The extreme form of dense interactions is the uniform distribution. To examine the difficulty of finding the uniform distribution for the self-attention in $\mathtt{MSA}$ , we delve into the characteristics of the $\mathtt{softmax}$ function. In a nutshell, we show that the gradient magnitude is the largest around the inputs inducing a uniform output. We further formalize this intuition below. The self-attention consists of the row-wise softmax operation $\mathbf{A}=\sigma(\lambda\mathbf{S})\in\mathbb{R}^{N\times N}$ where $\mathbf{S}\in\mathbb{R}^{N\times N}$ is the collection of dot products of queries and keys, possibly with a scale factor $\lambda>0$ . For simplicity, we consider the softmax over a single row: ${\mathbf{a}}=\sigma(\lambda{\mathbf{s}})\in\mathbb{R}^{N}$ . The gradient of ${\mathbf{a}}$ with respect to the input ${\mathbf{s}}$ is $\mathbf{J}_{jk}:={\partial{\mathbf{a}}_{j}}/{\partial{\mathbf{s}}_{k}}=\lambda(\mathbbm{1}_{j=k}{\mathbf{a}}_{j}-{\mathbf{a}}_{j}{\mathbf{a}}_{k})$ for $1\leq j,k\leq N$ . We measure the magnitude of the gradient $\mathbf{J}\in\mathbb{R}^{N\times N}$ using the nuclear norm $||\mathbf{J}||_{*}=\sum_{i=1}^{N}\nu_{i}$ where $\{\nu_{i}\}$ are the singular values of $\mathbf{J}$ . Note that $\mathbf{J}$ is a real, symmetric, and positive semi-definite matrix. Thus, the nuclear norm coincides with the sum of its eigenvalues, which in turn is the trace: $||\mathbf{J}||_{*}=\sum_{j}\lambda({\mathbf{a}}_{j}-{\mathbf{a}}_{j}^{2})$ . With respect to the constraint that $\sum_{j}{\mathbf{a}}_{j}=1$ and ${\mathbf{a}}_{j}\geq 0$ for all $j$ , the nuclear norm $||\mathbf{J}||_{*}$ is maximal when ${\mathbf{a}}_{j}=1/N$ for every $j$ . Figure 5 describes the $\mathtt{softmax}$ function in 2D input. This shows that uniform attention with softmax can be easily broken by a single gradient step, meaning it is the most unstable type of attention to learn, in the optimization point of view.

Conclusion.

We have examined the density of the interactions in the $\mathtt{MSA}$ layers. We found that further spatial connections benefit ViT models more than further channel-wise interactions. $\mathtt{MSA}$ layers tend to learn dense interactions with higher entropies. ViT’s preference for dense interactions is striking, given the difficulty of learning dense interactions: the gradient for the $\mathtt{MSA}$ layer is steeper with denser attention maps. This implies that dense attention maps are hard to learn but seem vital to ViTs.

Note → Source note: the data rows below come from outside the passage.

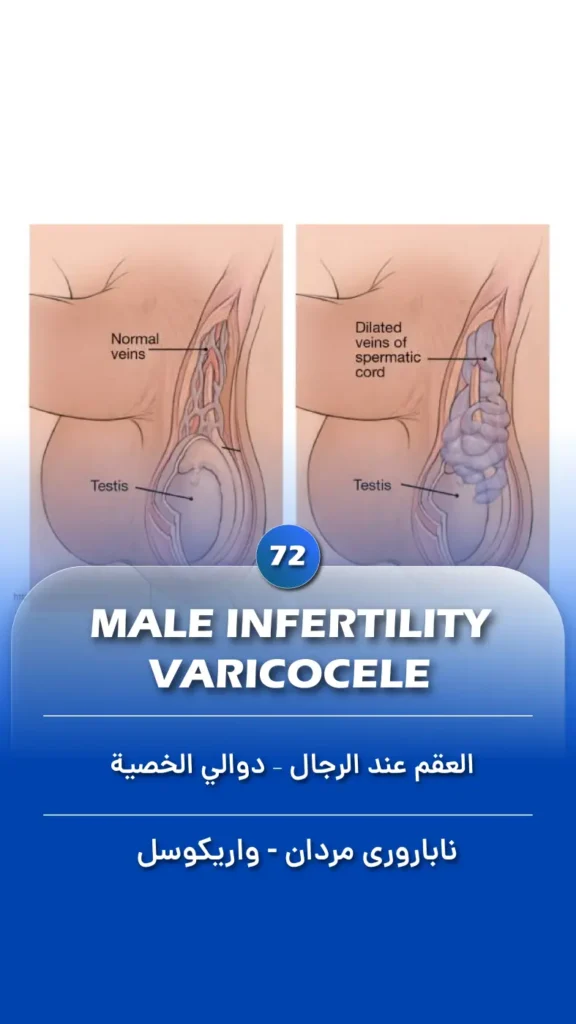 Male Infertility – Varicocele -Fariborz Bagheri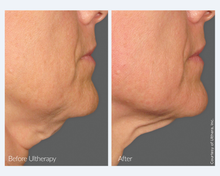 Load image into Gallery viewer, Ultherapy Sale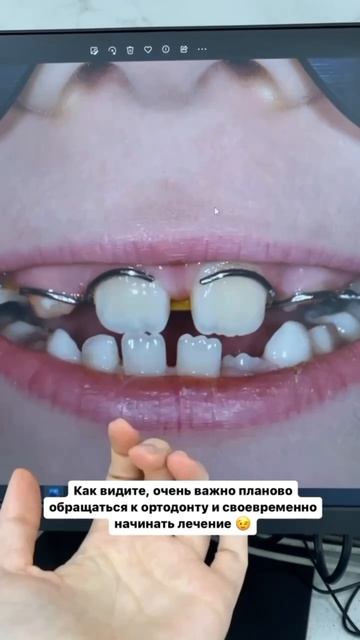 Эта пластинка — супергерой 🦸♂️.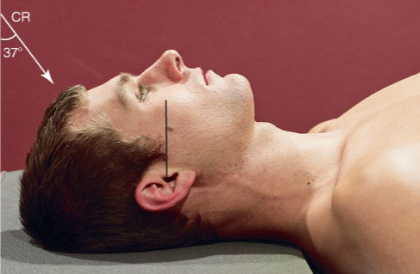 <p>Identify patient’s position &amp; projection</p>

3.2 Explicitly Broadcasting the Context

We observe the curious phenomena: $\mathtt{MSA}$ learns dense interaction, though it is unstable in terms of the gradient. We decide to inject uniform attention because (1) uniform attention is the densest attention and is unstable in terms of gradient view, but (2) humans can supply uniform attention easily, and (3) uniform attention requires no additional parameters and small computation costs. We do this through the broadcasting context with the $\mathtt{CB}$ module.

Context Broadcasting ( $\mathtt{CB}$ ).

Given a sequence of $N$ tokens $\mathbf{X}\in\mathbb{R}^{N\times d}$ , our $\mathtt{CB}$ module supplies the averaged token back onto the tokens as follows:

\mathtt{CB}({\mathbf{x}}_{i})=\frac{{\mathbf{x}}_{i}+\frac{1}{N}\sum_{j=1}^{N}{\mathbf{x}}_{j}}{2}\quad\text{for every token $i$},

(1)

where ${\mathbf{x}}_{i}\in\mathbb{R}^{d}$ is the $i^{\text{th}}$ token in $\mathbf{X}$ . Figure 6(a) illustrates our $\mathtt{CB}$ module. The $\mathtt{CB}$ module is placed at the end of $\mathtt{MLP}$ block (See Fig. 6(b)). Our analysis in Sec. 4.1 shows that the insertion of $\mathtt{CB}$ increases the performance of ViTs regardless of its position. As we shall see, the performance increase is most significant when it is inserted after the $\mathtt{MLP}$ block.

Computational efficiency.

The $\mathtt{CB}$ module is implemented with 1 line of code in deep learning frameworks like $\mathtt{PyTorch}$ [42], $\mathtt{Tensorflow}$ [1], and $\mathtt{JAX}$ [6]:

X = 0.5 * X + 0.5 * X.mean(dim=1, keepdim=True). It does not increase the number of parameters and incurs negligible additional operations for inference and training.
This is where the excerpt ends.